# Material provided:
■ ■ ■

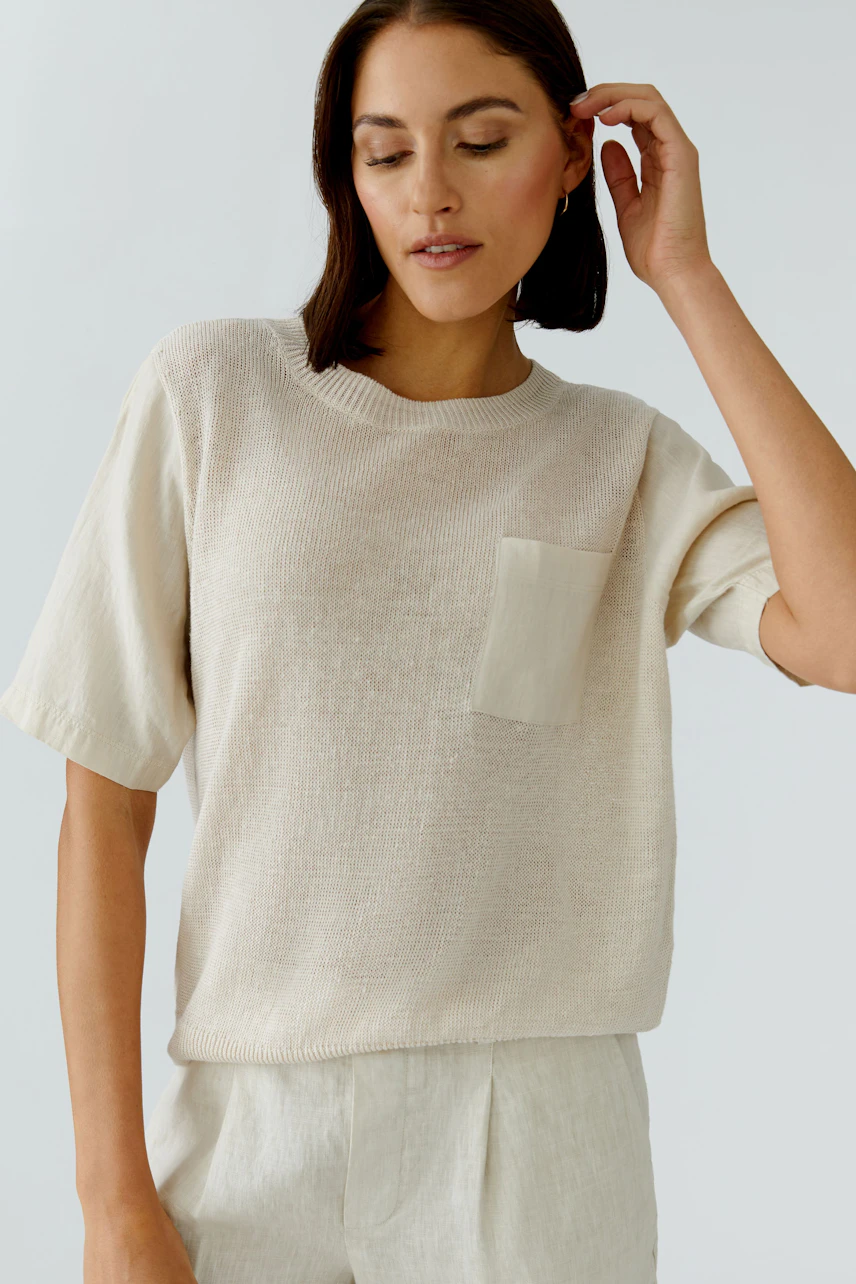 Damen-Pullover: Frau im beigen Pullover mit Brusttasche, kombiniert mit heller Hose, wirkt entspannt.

■ ■ ■

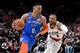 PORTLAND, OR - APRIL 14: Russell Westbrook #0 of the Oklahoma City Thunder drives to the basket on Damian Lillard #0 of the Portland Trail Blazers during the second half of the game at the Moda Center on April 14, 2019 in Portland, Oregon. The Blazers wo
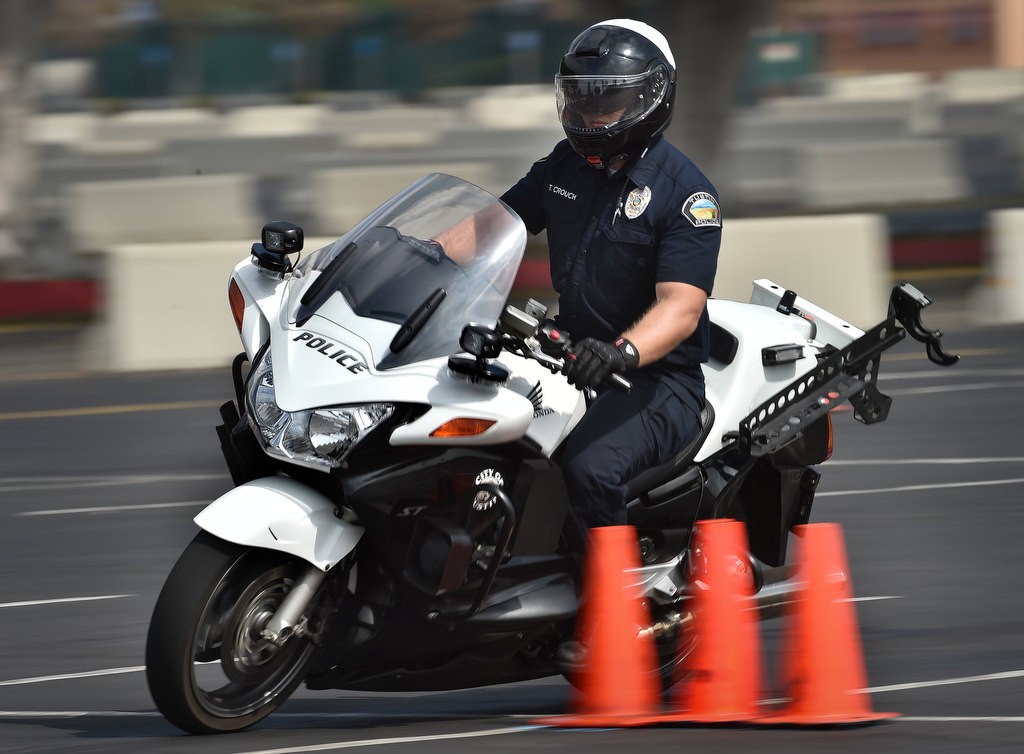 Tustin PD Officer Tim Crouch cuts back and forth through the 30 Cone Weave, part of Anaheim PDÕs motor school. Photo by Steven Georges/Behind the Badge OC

■ ■ ■

In the records above, copy exactly everything from the line that has "PORTLAND, OR - APRIL" down to the line that has "Tustin PD Officer", both ends included, and leave out the pictures.

# Solution to this problem:
 PORTLAND, OR - APRIL 14: Russell Westbrook #0 of the Oklahoma City Thunder drives to the basket on Damian Lillard #0 of the Portland Trail Blazers during the second half of the game at the Moda Center on April 14, 2019 in Portland, Oregon. The Blazers wo
 Tustin PD Officer Tim Crouch cuts back and forth through the 30 Cone Weave, part of Anaheim PDÕs motor school. Photo by Steven Georges/Behind the Badge OC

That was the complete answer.